I looked up at the banner and shook my head in disbelief. I know I say it every time but I really thought this was our year.
That was the second of two times this year I shook my head in disbelief, the first was on the 18th of June. I have that date bookmarked in my head for some reason. Nobody could have envisaged the journey this team would undergo following that defeat to the Tribesmen.
The anger and hurt of losing another final was overshadowed when I thought about this over the course of the past week. We were treated to such an entertaining summer of sport, we cannot complain or look back on this campaign in anger or regret. Nobody expected us to reach a final, nor did they expect us to put the Dubs up against a wall for 140 minutes of football.
This campaign has brought me memories both weird and wonderful which will never leave my side. O’Shea’s penalty award against Fermanagh, Diarmuid’s delicious solo goal against Kildare, an early outing in Croke Park against Westmeath, Clarke’s Kung-fu kick style clearance in the dying seconds against Tyrone, Cillian’s equaliser, Keegan’s goal.
I had the privilege of meeting Rob Hennelly on a train down from Dublin when I was in my first year of college. He had pre-booked a seat which happened to be positioned directly across the table from me. My journalistic side kicked into action and within a couple of minutes, I was hounding the poor man with questions.
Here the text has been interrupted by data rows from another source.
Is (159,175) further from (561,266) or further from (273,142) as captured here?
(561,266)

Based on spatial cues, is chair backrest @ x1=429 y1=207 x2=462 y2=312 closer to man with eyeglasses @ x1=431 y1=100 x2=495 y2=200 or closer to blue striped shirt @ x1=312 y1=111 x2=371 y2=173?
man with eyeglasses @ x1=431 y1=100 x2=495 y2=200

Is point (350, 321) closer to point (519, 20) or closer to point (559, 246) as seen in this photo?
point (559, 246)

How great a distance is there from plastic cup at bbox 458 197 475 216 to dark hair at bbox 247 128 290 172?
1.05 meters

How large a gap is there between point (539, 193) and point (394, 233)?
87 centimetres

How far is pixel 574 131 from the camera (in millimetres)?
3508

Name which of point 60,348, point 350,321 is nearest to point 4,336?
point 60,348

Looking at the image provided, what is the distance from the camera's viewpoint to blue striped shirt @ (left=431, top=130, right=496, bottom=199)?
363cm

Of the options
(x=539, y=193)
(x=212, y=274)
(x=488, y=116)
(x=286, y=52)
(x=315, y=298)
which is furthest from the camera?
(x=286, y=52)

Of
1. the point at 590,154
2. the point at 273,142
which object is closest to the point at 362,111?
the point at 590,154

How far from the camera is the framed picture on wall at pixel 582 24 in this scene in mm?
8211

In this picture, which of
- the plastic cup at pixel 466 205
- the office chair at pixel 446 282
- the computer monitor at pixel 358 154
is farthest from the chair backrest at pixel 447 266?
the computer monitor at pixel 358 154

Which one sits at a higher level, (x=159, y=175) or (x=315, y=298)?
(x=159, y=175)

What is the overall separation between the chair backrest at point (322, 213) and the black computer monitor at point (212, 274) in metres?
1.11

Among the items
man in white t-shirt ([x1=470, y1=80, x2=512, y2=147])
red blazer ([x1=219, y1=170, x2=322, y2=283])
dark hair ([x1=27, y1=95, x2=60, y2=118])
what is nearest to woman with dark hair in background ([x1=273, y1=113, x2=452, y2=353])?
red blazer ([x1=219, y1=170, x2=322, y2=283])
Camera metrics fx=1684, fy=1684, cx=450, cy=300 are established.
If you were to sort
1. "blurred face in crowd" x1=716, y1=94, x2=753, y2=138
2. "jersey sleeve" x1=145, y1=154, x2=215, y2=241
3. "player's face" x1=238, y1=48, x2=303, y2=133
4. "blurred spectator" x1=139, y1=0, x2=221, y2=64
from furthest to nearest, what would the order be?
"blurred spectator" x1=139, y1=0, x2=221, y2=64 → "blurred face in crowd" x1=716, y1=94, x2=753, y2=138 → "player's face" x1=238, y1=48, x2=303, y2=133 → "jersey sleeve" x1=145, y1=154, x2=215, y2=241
He followed me on Twitter and Facebook and told me he’d keep in touch.
He does, frequently messaging me, congratulating me on any articles I have published that he happens to come across. The man is a gentleman. If you don’t believe me, just remember back to earlier this year when he was first on board to defend U21 Cork ‘keeper Anthony Casey. Similar to Hennelly, he made a human error in an All-Ireland final.
Hennelly told Casey that the mistake would not “define him or his career by any means”. That moment in Hennelly’s career will not define him either.
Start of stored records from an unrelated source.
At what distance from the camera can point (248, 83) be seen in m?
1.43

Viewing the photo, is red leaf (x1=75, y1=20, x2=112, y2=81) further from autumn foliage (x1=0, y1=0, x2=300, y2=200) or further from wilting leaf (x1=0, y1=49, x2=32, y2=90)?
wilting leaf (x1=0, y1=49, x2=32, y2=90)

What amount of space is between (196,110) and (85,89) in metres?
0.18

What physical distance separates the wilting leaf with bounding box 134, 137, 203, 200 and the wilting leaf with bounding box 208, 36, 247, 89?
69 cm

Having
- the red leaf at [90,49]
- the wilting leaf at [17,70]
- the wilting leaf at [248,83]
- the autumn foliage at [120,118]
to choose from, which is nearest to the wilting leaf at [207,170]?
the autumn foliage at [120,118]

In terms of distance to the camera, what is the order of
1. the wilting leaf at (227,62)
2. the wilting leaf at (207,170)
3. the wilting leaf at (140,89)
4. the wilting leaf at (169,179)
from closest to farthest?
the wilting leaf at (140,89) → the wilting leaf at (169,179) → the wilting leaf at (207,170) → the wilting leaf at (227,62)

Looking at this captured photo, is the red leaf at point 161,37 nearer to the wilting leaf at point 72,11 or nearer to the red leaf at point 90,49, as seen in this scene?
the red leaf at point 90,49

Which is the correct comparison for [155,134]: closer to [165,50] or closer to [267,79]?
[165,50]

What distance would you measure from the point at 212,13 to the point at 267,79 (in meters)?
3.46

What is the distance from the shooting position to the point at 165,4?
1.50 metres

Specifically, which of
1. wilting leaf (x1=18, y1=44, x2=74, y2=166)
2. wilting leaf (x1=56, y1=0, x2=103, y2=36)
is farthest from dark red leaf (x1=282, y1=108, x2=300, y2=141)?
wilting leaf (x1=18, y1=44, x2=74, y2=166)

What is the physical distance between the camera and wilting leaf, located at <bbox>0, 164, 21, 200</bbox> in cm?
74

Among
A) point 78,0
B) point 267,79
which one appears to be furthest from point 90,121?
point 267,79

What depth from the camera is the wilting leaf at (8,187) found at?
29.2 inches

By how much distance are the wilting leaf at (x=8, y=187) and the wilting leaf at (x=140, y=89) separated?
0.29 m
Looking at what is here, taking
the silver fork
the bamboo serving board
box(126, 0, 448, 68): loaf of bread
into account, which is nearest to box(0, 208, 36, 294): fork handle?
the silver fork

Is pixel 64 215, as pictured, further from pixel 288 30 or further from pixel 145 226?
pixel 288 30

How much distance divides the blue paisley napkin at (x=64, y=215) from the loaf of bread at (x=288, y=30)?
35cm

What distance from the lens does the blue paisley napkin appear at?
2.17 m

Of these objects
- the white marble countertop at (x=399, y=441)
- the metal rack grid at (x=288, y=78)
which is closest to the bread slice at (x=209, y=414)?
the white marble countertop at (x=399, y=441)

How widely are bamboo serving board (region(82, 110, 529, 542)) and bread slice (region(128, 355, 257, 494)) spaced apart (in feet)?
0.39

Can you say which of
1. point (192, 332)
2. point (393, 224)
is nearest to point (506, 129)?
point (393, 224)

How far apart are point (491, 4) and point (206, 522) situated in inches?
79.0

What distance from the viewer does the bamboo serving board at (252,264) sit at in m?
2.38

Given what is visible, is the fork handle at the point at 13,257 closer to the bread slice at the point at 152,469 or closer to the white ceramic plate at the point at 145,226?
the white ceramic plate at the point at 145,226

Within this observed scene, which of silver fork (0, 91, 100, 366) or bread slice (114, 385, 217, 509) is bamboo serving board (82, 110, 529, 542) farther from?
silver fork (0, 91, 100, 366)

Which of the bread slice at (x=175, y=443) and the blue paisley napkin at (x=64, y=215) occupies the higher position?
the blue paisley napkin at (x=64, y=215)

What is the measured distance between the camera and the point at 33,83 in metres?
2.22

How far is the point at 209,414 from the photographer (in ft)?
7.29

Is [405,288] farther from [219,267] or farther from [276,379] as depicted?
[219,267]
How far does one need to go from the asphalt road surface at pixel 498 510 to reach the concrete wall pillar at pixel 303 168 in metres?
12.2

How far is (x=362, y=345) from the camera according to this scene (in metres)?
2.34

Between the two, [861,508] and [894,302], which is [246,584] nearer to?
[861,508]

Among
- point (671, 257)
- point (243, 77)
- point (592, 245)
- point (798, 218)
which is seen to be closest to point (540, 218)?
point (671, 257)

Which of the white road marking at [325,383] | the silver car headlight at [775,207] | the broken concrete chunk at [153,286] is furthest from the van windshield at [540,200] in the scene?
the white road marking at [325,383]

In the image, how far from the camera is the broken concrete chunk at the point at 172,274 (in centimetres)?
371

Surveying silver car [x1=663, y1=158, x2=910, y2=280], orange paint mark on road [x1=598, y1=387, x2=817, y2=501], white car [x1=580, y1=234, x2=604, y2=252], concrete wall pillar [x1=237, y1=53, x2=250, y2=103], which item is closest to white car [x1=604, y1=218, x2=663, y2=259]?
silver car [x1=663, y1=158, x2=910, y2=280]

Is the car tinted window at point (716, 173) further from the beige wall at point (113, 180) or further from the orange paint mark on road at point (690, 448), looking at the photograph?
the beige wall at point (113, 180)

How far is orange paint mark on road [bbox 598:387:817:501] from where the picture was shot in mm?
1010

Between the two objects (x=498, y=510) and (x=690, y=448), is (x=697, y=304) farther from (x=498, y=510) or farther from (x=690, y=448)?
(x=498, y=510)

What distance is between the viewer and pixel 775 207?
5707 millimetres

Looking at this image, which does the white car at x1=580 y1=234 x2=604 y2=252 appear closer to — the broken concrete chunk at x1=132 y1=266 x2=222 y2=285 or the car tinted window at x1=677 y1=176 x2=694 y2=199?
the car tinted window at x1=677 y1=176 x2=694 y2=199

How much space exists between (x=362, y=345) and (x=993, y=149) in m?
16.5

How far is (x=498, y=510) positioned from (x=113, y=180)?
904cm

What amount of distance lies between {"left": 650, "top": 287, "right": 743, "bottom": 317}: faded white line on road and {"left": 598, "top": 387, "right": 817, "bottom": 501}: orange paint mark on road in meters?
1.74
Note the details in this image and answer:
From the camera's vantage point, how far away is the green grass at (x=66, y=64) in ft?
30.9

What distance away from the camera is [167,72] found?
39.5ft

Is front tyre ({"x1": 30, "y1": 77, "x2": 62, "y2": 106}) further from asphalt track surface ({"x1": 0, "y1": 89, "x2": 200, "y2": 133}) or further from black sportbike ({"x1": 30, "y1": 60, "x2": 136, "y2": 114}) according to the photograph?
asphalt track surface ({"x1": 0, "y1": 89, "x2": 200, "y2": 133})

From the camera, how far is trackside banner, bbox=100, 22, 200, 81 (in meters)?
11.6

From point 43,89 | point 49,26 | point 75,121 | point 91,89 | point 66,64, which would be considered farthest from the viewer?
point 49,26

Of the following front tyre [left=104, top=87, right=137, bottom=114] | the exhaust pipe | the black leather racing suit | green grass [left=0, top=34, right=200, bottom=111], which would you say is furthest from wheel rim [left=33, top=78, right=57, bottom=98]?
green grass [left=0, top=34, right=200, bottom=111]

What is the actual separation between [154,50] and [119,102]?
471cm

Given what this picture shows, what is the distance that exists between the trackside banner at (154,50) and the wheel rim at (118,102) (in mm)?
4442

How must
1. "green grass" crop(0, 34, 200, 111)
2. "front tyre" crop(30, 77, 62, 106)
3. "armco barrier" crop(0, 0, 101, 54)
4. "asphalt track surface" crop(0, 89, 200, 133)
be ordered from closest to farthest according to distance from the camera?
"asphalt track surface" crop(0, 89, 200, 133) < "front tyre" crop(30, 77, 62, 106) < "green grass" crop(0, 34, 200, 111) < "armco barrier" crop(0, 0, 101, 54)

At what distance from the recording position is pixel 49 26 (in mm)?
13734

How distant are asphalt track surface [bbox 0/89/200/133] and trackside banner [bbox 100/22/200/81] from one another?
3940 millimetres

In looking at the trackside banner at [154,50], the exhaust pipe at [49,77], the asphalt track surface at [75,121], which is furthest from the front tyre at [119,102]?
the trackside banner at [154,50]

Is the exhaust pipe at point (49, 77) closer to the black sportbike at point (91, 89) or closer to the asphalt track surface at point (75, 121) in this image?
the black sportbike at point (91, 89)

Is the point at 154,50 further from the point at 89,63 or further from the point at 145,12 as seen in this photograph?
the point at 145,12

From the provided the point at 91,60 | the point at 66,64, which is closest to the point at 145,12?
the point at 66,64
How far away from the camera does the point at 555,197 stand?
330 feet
He is a fantastic ‘keeper and we are blessed to have two of the country’s finest in one county. I was on hand to message Rob following the defeat on Sunday and if you are able to, I encourage you all to do likewise. We have all made an error in judgment, a mistake, had a lapse in concentration in our life.
Journalists have the power to spread a message to hundreds, thousands, millions of people at the click of a button. I am not ashamed, angered or upset by Rob’s mistake but I did feel all of those things when I read Gavin Cummiskey’s rating of him in the Irish Times the following day.
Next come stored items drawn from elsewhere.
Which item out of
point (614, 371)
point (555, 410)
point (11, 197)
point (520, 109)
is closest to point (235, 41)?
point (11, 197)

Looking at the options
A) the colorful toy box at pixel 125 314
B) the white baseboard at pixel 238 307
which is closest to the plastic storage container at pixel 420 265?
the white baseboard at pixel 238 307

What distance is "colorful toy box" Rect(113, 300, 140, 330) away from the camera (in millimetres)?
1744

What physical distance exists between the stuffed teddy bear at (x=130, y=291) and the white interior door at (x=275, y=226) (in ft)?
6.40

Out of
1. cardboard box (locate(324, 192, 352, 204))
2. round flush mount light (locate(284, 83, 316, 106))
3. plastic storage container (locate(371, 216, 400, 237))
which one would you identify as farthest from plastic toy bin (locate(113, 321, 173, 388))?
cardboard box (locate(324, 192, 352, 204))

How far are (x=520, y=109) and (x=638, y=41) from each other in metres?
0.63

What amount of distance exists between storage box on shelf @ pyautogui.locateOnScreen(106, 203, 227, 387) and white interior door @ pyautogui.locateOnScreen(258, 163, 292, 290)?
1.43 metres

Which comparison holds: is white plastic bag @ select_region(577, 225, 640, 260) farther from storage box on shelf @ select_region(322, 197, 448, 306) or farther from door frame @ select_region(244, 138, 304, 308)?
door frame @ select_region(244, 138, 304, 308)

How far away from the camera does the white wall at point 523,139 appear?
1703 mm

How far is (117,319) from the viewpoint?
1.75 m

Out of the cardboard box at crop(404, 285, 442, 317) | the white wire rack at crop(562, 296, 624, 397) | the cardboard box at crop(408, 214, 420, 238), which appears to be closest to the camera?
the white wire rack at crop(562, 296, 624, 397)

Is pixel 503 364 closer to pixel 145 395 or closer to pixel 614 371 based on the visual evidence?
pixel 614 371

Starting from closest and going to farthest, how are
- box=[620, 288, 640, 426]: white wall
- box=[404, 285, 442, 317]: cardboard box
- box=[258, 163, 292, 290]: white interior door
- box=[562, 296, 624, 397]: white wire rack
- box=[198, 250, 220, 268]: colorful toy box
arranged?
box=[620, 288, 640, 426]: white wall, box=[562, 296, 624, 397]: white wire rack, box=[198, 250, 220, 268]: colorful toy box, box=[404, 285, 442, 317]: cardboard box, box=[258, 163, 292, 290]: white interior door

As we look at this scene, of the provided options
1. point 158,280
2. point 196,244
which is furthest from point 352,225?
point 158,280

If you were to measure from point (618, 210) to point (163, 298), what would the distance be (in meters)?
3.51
Following that, I stopped critically and harshly analysing the replay and the players. As a Mayo man, it is unfair to judge any player by a mistake they have made. As an aspiring journalist, it is a clear goal to stay away from any realm which puts me under the same light as Gavin Cummiskey.
My brother-in-law to be, is a Dub and proud (and loud too like them all). As we sat down for breakfast together on Sunday morning, I expressed how unfair it was – always the bridesmaid, never the bride. I give up, that’s it, I’m done.
Bullshit, says he, you’ll be the first man standing in MacHale Park come Spring. He’s right and all. The day that the prospect of meeting Dublin, Kerry and the likes in the league doesn’t spur me on to get behind the boys is the day that I will give it up for good.
We’ve been through hell us Mayo supporters but every new year, it’s like a reset button. 65 years becomes 66 but still we rally together, travelling the length and breadth of the country cheering on our team. We don’t know how lucky we are as fans, not one summer has passed in the last five years that we haven’t at least reached the semi-final.
Mayo has a fantastic group of players, a great manager and background staff and the best supporters in the whole of Ireland. Our day will come. It wasn’t 2016, it may or may not be 2017, but it will come.